Am 22. September findet die Bürgermeisterwahl in Jestetten gleichzeitig mit der Bundestagswahl statt. Bild: Hüfner
Am 22. September findet die Bürgermeisterwahl in Jestetten gleichzeitig mit der Bundestagswahl statt. Bild: Hüfner

Jestetten (hüf) „Wichtig ist, dass eine Wahlalternative auf dem Stimmzettel steht“, begründet Michael König seine Bewerbung zur Kandidatur für das Bürgermeisteramt in der Gemeinde Jestetten.

Wie auf Hierzuland.Info berichtet, ist der 42-jährige Architekt aus dem niedersächsischen Harsfeld nach Ira Sattler der zweite Bewerber.
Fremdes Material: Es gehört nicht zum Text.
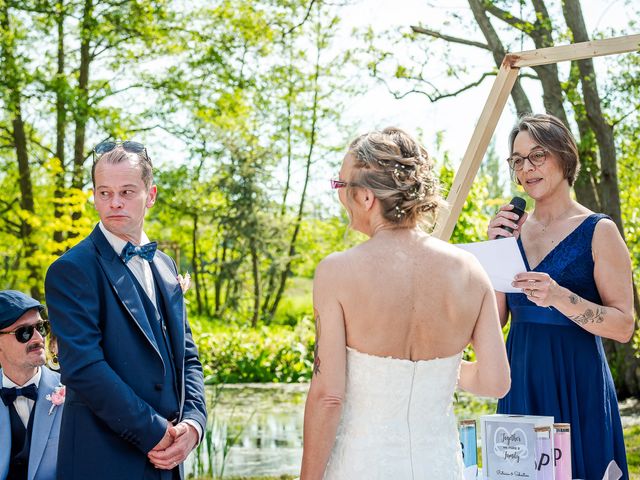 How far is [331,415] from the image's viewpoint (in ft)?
7.06

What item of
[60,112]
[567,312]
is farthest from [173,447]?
[60,112]

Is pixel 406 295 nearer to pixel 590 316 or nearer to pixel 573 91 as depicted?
pixel 590 316

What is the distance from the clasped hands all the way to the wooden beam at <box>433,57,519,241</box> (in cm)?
143

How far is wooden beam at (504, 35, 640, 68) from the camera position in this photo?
3232 mm

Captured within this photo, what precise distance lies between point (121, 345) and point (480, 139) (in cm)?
180

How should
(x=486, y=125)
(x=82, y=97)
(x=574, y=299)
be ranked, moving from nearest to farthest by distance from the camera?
(x=574, y=299), (x=486, y=125), (x=82, y=97)

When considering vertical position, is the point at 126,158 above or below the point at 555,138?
below

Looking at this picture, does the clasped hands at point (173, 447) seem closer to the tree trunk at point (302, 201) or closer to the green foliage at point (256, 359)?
the green foliage at point (256, 359)

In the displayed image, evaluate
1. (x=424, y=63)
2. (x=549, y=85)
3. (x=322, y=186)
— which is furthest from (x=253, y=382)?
(x=322, y=186)

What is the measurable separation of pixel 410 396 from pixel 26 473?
1.75 metres

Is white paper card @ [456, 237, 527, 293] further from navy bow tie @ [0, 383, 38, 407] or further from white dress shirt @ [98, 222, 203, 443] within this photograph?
navy bow tie @ [0, 383, 38, 407]

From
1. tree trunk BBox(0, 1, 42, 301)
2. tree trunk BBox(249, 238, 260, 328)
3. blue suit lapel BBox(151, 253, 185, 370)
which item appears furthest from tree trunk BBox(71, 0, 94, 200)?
blue suit lapel BBox(151, 253, 185, 370)

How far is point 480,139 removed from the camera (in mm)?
3494

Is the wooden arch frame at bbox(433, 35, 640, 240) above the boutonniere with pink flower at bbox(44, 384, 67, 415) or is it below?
above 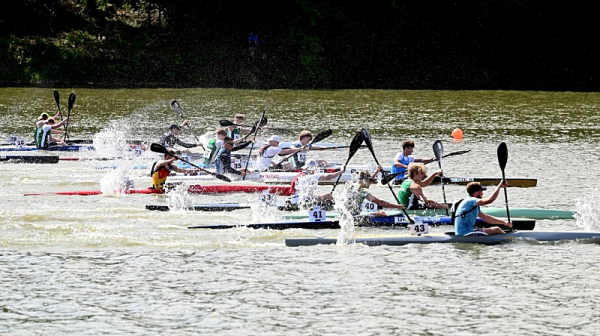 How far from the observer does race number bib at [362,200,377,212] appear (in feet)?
57.8

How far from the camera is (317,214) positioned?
57.3ft

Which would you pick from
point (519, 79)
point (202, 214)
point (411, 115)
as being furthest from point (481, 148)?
point (519, 79)

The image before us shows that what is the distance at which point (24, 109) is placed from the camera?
3959 cm

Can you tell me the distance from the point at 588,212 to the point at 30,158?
13.8m

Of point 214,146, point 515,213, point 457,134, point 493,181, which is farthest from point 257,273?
point 457,134

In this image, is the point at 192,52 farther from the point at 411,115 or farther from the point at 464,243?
the point at 464,243

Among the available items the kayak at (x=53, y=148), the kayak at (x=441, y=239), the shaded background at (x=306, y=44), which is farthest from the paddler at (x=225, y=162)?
the shaded background at (x=306, y=44)

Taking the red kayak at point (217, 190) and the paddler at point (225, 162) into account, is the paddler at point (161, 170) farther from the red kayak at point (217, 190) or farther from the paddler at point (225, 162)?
the paddler at point (225, 162)

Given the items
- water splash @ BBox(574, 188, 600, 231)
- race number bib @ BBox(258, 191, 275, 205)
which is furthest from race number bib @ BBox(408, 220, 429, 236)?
water splash @ BBox(574, 188, 600, 231)

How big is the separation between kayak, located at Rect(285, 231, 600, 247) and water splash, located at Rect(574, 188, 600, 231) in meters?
1.42

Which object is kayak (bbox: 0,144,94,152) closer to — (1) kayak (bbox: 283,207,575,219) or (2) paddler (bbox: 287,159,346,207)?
(2) paddler (bbox: 287,159,346,207)

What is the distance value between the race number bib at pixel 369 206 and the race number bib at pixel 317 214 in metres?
0.71

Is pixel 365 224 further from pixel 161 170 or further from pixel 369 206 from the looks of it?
pixel 161 170

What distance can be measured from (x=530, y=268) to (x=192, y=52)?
38.2 m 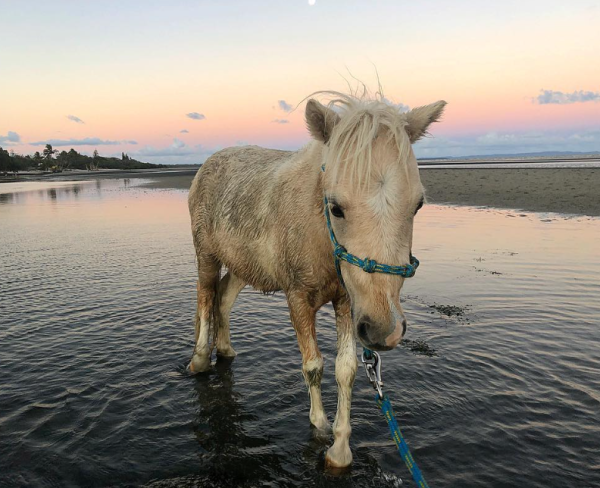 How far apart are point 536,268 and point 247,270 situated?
8977 mm

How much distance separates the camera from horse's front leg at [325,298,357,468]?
13.6 ft

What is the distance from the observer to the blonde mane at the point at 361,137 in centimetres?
292

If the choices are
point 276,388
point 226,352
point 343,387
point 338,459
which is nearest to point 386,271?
point 343,387

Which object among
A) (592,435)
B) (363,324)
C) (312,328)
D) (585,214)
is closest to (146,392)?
(312,328)

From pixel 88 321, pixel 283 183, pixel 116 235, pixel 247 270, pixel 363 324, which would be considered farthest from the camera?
pixel 116 235

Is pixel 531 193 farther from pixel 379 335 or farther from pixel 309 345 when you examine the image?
pixel 379 335

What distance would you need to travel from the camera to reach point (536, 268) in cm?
1104

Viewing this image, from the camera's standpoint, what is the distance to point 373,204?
283cm

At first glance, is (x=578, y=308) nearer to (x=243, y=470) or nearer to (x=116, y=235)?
(x=243, y=470)

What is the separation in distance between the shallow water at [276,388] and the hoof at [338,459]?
9 centimetres

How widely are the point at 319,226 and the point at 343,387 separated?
1.75 meters

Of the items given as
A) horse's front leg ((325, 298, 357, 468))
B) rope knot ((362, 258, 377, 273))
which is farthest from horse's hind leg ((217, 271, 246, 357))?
rope knot ((362, 258, 377, 273))

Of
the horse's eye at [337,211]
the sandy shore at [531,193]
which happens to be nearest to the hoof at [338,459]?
the horse's eye at [337,211]

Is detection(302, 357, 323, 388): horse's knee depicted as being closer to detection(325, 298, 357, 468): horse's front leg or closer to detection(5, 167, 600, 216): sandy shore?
detection(325, 298, 357, 468): horse's front leg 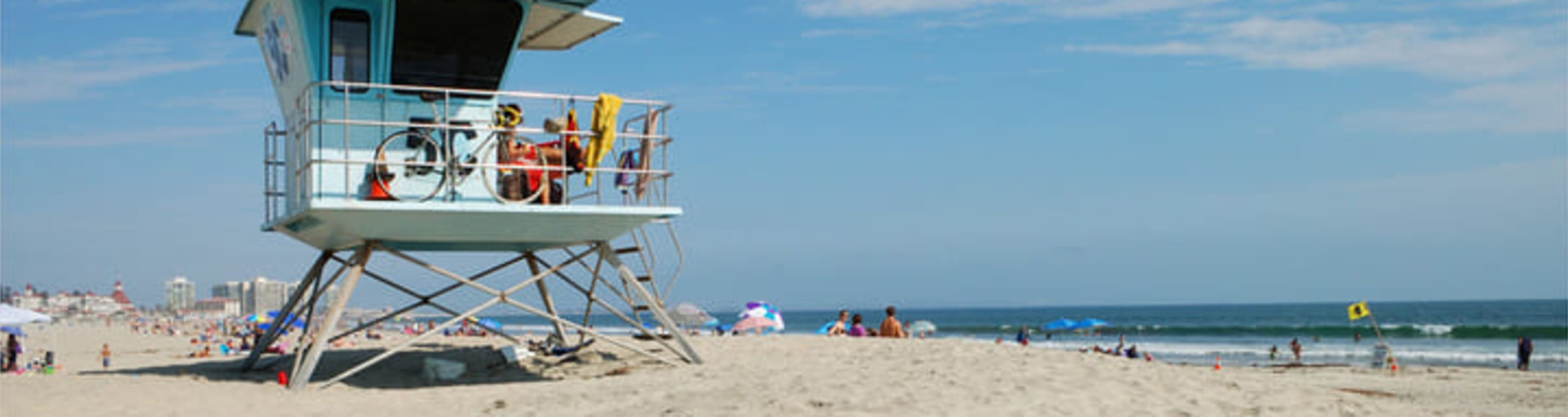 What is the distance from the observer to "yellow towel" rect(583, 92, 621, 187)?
12.0 metres

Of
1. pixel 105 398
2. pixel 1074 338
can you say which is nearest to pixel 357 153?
pixel 105 398

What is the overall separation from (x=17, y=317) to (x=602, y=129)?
18524 millimetres

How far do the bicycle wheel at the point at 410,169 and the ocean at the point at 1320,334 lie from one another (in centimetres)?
663

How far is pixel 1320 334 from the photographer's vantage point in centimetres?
7456

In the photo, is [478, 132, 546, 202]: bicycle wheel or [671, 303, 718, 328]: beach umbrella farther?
[671, 303, 718, 328]: beach umbrella

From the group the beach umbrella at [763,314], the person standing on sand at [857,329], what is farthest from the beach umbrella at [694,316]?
the person standing on sand at [857,329]

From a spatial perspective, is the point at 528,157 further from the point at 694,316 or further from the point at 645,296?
the point at 694,316

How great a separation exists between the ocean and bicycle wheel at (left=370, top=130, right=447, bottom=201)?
663cm

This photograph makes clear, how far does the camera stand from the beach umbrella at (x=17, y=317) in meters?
24.3

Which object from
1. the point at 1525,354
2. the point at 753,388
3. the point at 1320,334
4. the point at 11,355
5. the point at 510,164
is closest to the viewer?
the point at 753,388

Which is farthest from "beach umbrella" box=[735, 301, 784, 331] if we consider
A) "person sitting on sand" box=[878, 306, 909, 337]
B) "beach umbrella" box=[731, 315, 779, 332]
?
"person sitting on sand" box=[878, 306, 909, 337]

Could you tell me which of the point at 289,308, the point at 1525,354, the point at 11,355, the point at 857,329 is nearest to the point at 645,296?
the point at 289,308

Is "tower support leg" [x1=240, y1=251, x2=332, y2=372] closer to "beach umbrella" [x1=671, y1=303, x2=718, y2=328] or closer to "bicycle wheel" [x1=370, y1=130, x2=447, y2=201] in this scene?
"bicycle wheel" [x1=370, y1=130, x2=447, y2=201]

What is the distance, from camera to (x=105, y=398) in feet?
37.1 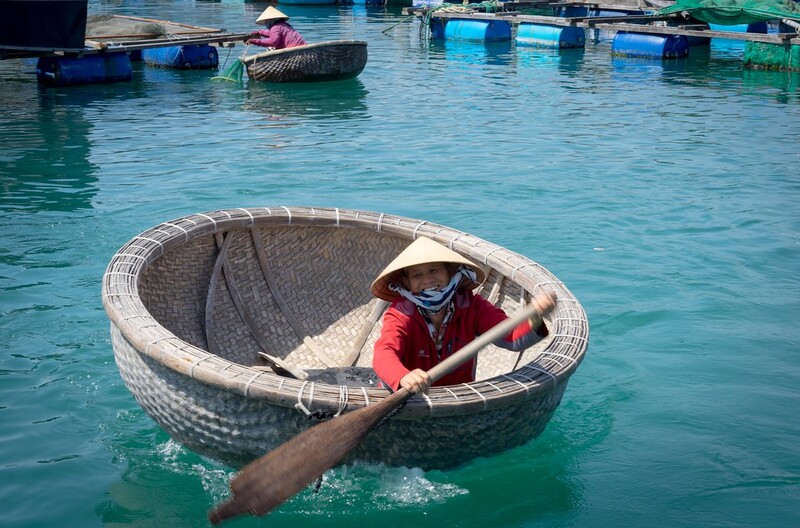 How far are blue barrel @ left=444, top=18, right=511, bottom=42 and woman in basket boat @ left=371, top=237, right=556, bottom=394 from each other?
1719cm

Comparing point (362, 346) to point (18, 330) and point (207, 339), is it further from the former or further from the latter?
point (18, 330)

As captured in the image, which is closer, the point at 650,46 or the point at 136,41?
the point at 136,41

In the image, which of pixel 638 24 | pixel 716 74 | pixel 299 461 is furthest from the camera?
pixel 638 24

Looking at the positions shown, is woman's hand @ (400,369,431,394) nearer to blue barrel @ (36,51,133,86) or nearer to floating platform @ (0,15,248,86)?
floating platform @ (0,15,248,86)

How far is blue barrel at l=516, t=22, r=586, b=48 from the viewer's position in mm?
18609

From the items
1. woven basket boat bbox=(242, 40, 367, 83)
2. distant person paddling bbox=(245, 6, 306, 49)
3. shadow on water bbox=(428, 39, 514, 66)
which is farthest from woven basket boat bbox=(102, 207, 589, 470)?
shadow on water bbox=(428, 39, 514, 66)

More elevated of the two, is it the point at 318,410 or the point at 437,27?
the point at 437,27

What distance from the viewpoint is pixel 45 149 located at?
31.2 ft

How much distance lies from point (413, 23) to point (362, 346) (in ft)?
67.8

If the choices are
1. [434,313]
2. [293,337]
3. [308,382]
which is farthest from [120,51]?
[308,382]

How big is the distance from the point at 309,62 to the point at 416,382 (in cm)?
1124

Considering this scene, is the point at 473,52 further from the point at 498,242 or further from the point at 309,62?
the point at 498,242

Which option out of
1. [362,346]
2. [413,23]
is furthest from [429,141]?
[413,23]

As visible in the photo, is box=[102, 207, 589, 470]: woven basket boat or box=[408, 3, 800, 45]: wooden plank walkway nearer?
box=[102, 207, 589, 470]: woven basket boat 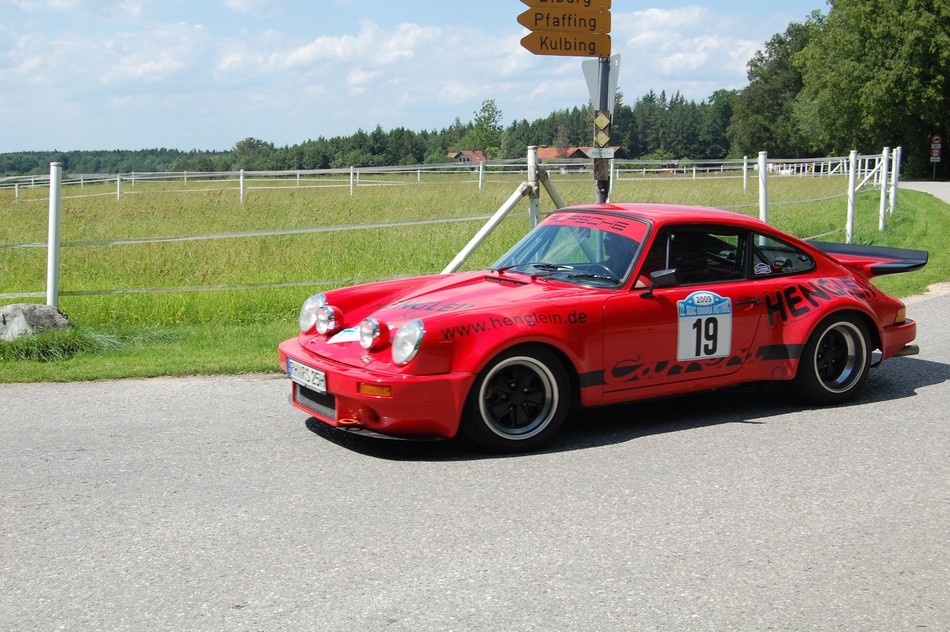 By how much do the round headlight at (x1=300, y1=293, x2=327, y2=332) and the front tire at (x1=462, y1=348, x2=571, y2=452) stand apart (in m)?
1.29

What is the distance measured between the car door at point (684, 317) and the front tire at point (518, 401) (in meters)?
0.36

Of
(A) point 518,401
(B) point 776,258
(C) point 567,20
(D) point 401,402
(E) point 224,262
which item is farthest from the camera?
(E) point 224,262

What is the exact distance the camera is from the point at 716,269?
592 cm

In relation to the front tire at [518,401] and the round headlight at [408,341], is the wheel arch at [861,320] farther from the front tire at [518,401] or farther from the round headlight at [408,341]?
the round headlight at [408,341]

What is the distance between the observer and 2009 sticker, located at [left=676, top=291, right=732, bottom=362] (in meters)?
5.62

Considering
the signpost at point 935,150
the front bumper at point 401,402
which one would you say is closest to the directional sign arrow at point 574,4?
the front bumper at point 401,402

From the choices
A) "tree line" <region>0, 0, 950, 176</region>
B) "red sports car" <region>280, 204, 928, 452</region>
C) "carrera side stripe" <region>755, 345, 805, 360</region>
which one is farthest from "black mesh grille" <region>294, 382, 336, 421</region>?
"tree line" <region>0, 0, 950, 176</region>

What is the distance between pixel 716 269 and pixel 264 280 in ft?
19.6

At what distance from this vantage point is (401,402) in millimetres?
4875

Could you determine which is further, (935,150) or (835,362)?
(935,150)

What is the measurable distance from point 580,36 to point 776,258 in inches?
138

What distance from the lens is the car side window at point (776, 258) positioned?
605cm

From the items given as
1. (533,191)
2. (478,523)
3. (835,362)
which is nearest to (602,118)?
(533,191)

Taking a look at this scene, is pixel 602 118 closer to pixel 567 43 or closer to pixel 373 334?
pixel 567 43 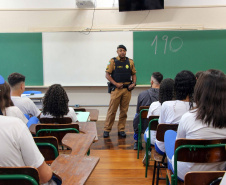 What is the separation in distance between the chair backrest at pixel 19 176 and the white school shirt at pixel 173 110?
4.73ft

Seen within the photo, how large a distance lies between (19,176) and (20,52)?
17.0ft

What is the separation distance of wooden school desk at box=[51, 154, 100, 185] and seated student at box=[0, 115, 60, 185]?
0.14 meters

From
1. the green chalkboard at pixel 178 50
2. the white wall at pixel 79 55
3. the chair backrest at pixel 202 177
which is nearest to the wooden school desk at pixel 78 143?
the chair backrest at pixel 202 177

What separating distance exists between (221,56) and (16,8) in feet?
15.7

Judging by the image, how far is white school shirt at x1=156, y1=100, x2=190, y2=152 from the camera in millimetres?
2240

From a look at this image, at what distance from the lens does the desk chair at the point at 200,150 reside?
5.05 ft

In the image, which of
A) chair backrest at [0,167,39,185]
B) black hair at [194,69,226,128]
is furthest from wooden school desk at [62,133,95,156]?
black hair at [194,69,226,128]

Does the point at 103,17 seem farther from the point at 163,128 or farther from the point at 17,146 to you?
the point at 17,146

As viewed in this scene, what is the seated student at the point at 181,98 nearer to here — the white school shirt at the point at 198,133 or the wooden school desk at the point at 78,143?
the white school shirt at the point at 198,133

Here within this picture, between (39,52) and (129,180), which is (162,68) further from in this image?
(129,180)

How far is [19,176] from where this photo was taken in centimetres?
108

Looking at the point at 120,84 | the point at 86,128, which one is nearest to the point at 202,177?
the point at 86,128

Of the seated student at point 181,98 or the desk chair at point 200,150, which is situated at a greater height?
the seated student at point 181,98

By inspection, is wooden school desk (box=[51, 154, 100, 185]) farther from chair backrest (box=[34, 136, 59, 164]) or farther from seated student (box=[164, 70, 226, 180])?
seated student (box=[164, 70, 226, 180]) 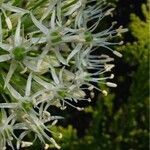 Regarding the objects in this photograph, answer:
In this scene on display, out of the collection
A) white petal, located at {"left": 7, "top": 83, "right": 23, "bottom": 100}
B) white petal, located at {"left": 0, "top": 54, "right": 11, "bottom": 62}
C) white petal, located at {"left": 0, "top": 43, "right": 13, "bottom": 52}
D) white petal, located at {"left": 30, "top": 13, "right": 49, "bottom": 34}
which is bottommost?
white petal, located at {"left": 7, "top": 83, "right": 23, "bottom": 100}

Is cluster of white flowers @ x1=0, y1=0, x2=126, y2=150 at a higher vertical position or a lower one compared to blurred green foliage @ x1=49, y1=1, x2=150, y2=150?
higher

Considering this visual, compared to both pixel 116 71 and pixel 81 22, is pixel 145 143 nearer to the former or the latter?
pixel 116 71

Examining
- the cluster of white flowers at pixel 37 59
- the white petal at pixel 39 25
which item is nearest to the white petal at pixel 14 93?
the cluster of white flowers at pixel 37 59

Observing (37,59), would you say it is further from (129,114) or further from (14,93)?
(129,114)

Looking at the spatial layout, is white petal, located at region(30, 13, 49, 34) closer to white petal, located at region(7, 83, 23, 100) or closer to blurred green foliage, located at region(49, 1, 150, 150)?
white petal, located at region(7, 83, 23, 100)

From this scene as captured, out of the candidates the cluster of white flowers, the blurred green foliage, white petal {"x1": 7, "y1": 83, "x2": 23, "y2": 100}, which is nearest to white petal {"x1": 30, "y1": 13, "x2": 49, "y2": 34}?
the cluster of white flowers

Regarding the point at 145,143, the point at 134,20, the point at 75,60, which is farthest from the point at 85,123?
the point at 75,60

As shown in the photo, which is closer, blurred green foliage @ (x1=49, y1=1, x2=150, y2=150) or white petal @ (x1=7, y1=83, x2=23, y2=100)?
white petal @ (x1=7, y1=83, x2=23, y2=100)

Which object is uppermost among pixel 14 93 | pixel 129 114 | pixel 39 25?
pixel 39 25

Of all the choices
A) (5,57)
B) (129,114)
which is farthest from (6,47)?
(129,114) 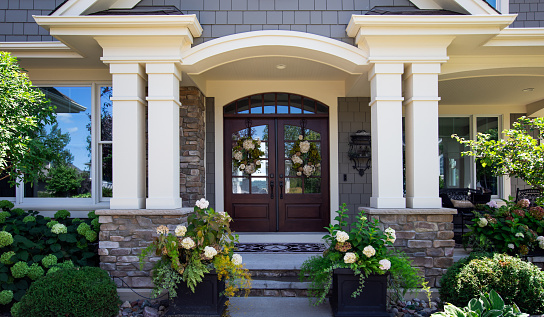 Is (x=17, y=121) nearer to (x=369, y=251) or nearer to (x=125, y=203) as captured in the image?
(x=125, y=203)

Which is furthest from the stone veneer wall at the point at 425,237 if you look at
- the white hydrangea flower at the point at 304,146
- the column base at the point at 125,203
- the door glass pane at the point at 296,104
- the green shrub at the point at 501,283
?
the column base at the point at 125,203

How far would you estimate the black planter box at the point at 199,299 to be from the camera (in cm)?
382

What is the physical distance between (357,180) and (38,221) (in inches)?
168

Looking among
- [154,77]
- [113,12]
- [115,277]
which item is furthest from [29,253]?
[113,12]

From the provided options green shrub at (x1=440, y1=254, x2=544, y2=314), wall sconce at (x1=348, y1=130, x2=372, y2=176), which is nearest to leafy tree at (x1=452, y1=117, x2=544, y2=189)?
green shrub at (x1=440, y1=254, x2=544, y2=314)

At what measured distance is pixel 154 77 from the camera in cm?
462

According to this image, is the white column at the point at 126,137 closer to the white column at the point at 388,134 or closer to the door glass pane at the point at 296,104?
the door glass pane at the point at 296,104

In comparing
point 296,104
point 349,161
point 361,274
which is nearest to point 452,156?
point 349,161

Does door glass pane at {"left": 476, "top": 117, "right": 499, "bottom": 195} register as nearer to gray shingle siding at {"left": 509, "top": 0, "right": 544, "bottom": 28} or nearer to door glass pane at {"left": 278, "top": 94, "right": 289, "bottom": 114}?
gray shingle siding at {"left": 509, "top": 0, "right": 544, "bottom": 28}

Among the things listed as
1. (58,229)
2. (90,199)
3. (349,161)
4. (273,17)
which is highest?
(273,17)

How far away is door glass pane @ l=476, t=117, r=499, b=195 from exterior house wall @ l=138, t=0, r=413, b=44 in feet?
13.8

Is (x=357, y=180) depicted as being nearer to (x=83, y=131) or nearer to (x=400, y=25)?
(x=400, y=25)

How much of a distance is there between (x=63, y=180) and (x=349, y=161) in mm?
4116

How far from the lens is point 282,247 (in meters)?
5.79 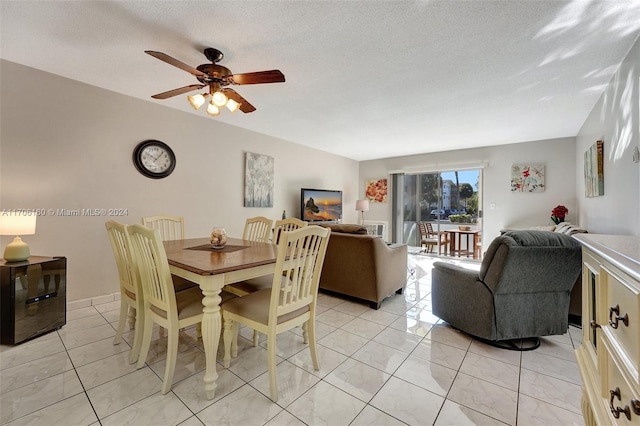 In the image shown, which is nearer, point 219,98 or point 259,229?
point 219,98

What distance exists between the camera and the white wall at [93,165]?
2.53 meters

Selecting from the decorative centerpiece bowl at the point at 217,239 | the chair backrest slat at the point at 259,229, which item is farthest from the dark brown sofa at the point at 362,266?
the decorative centerpiece bowl at the point at 217,239

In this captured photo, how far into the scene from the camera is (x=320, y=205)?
5.82 metres

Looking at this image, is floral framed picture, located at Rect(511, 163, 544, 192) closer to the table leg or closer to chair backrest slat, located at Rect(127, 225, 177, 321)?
the table leg

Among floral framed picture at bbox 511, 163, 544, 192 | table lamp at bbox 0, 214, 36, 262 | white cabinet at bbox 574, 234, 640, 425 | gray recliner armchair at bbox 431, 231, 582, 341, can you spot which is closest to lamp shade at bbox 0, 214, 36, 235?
table lamp at bbox 0, 214, 36, 262

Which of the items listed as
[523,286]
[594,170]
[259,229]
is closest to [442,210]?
[594,170]

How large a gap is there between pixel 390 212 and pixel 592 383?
5.98m

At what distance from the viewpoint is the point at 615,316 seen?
0.74 meters

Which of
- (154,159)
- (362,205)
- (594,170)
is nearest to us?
(594,170)

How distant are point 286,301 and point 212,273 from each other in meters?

Ihm geht es darum, dass Wähler die Möglichkeit haben, auf dem Stimmzettel neben dem „Ja““ zu einem beliebigen Kandidaten auch ein „Nein“ anzukreuzen. „Es ist alles etwas paradox und ungewöhnlich“, räumt er ein. Ziel sei es, Macht zu entziehen.

Als stellvertretender Bundesvorsitzender und Mitbegründer der Kleinpartei „Nein!-Idee“ reduziert er das Parteiprogramm auf zwei Punkte: Selbstbestimmung und Volksabstimmung.

Bei der Kandidatur gehe es nicht um seine Person, „sondern ums Prinzip“. „Wir bündeln die Nein-Stimmen“, erläutert König das Antreten seiner Partei bei Wahlen. Durchaus mit Erfolg, wie sich in Hohberg in der Ortenau zeigte. Dort kam König auf mehr als 15 Prozent der abgegebenen Stimmen.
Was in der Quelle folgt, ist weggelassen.